§ **WHAT IS EXPECTED**:
The lines you should transcribe are those from the one containing "Erotyzm: Giacomo Casanova" to the end of the listing below, exactly, with pictures left out.

§ **INPUT**:
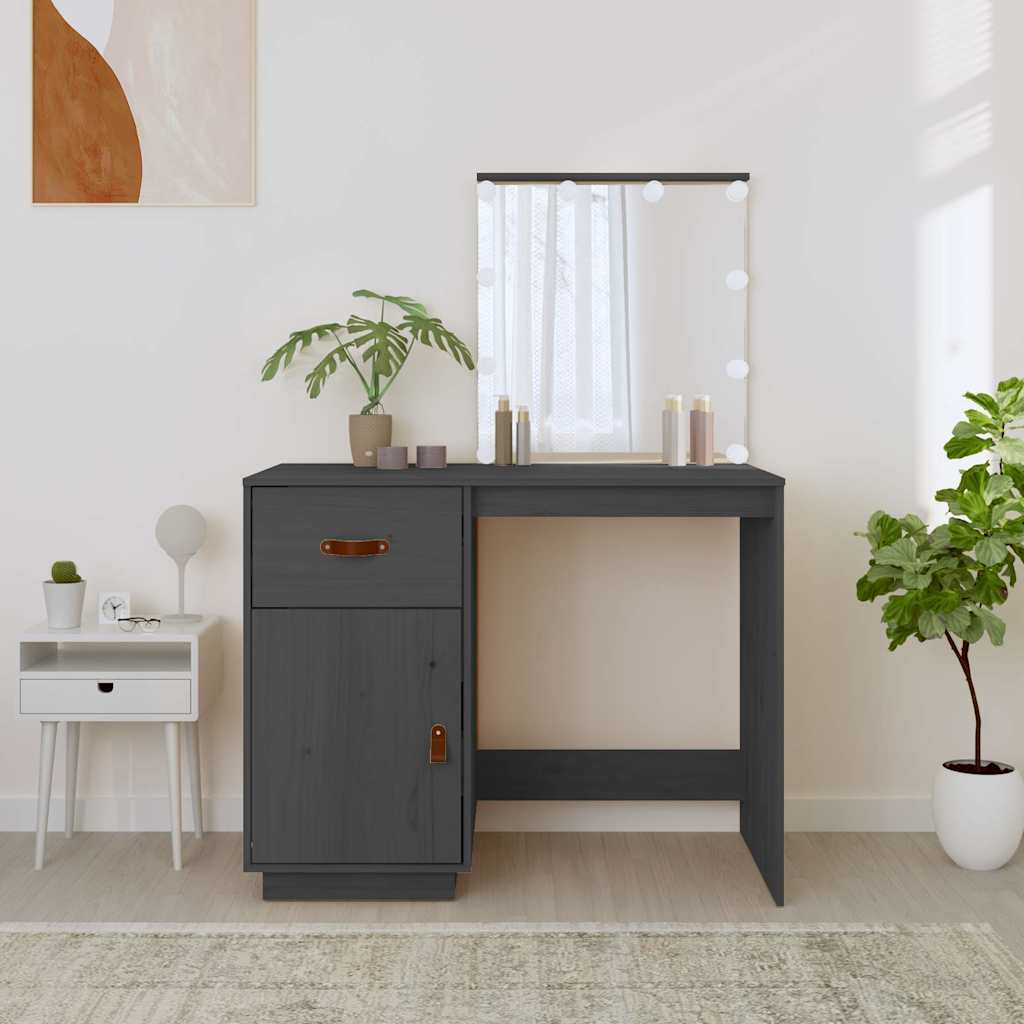 Dressing Table with LED Grey 95x50x133,5 cm Solid Wood Pine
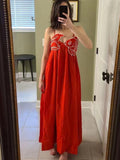 Kukombo Outfit Vintage Embroidered Koi Fish Red Maxi Dress Women Summer Sleeveless Backless Elegant Loose Evening Party Dresses High Waist Robe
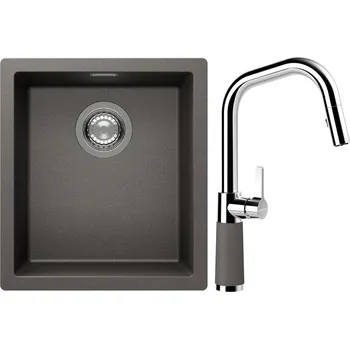 Kuchyňský dřez Set Schock S12-9 (dřez Kaia N-100S Silverstone + baterie SC-530.120 Silverstone)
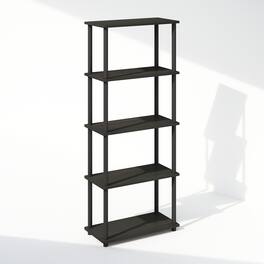 Furinno - Turn-N-Tube 5-Tier Multipurpose Compact Display Rack, Shelving Unit, Bookcase - Espresso/Black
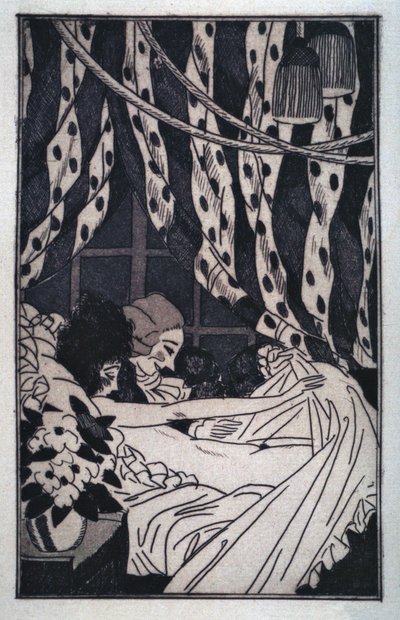Erotyzm: Giacomo Casanova (1725-1798) podnosi prześcieradła, by kontemplować swoją nagą kochankę, początek XX wieku (akwaforta) autorstwa Sylvain Sauvage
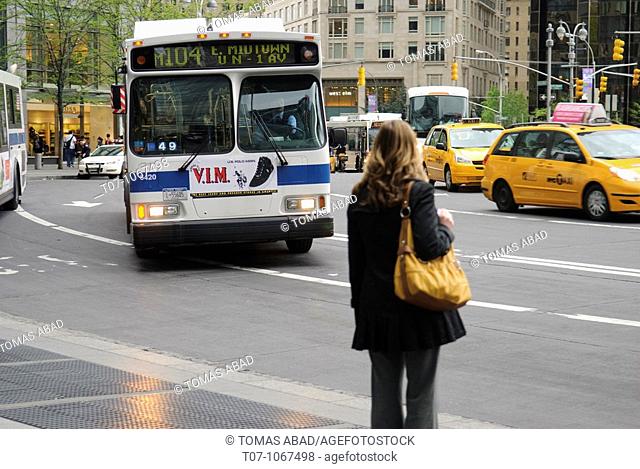 M104 Bus, via Broadway, Public Transportation, New York City, 2010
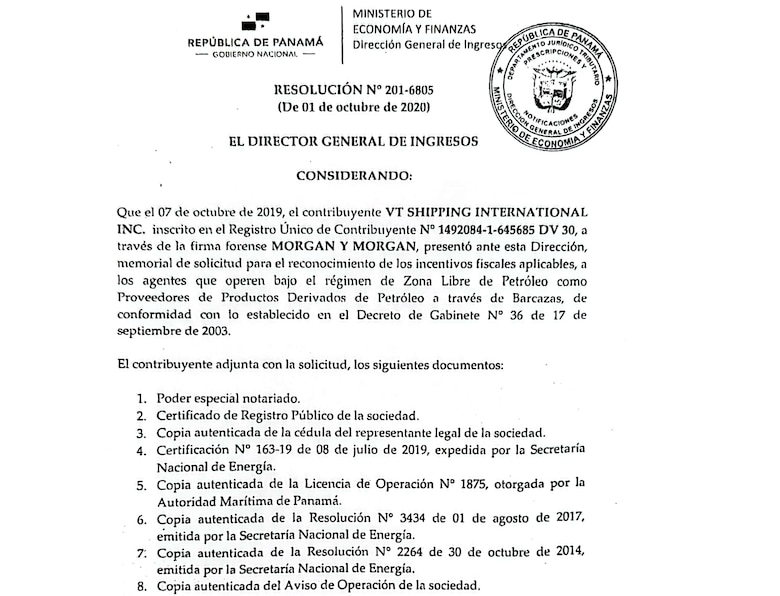 ‘Nunca hemos operado como zona libre de petróleo’, dice VT Shipping, pero no explica por qué recibió exoneraciones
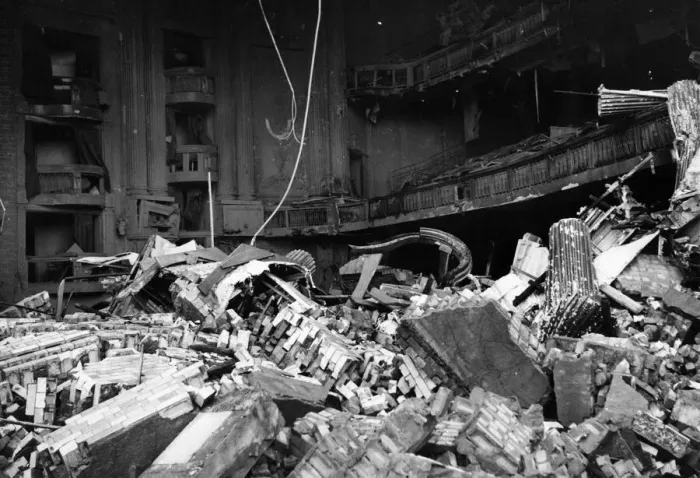 Framed Print : Damage cause by a flying bomb to a theatre in Streatham Hill, London. 3rd July 1944 Framed Print : Damage cause by a flying bomb to a theatre in Streatham Hill, London. 3rd July 1944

§ **ANSWER SPACE**:
Erotyzm: Giacomo Casanova (1725-1798) podnosi prześcieradła, by kontemplować swoją nagą kochankę, początek XX wieku (akwaforta) autorstwa Sylvain Sauvage
 M104 Bus, via Broadway, Public Transportation, New York City, 2010
 ‘Nunca hemos operado como zona libre de petróleo’, dice VT Shipping, pero no explica por qué recibió exoneraciones
 Framed Print : Damage cause by a flying bomb to a theatre in Streatham Hill, London. 3rd July 1944 Framed Print : Damage cause by a flying bomb to a theatre in Streatham Hill, London. 3rd July 1944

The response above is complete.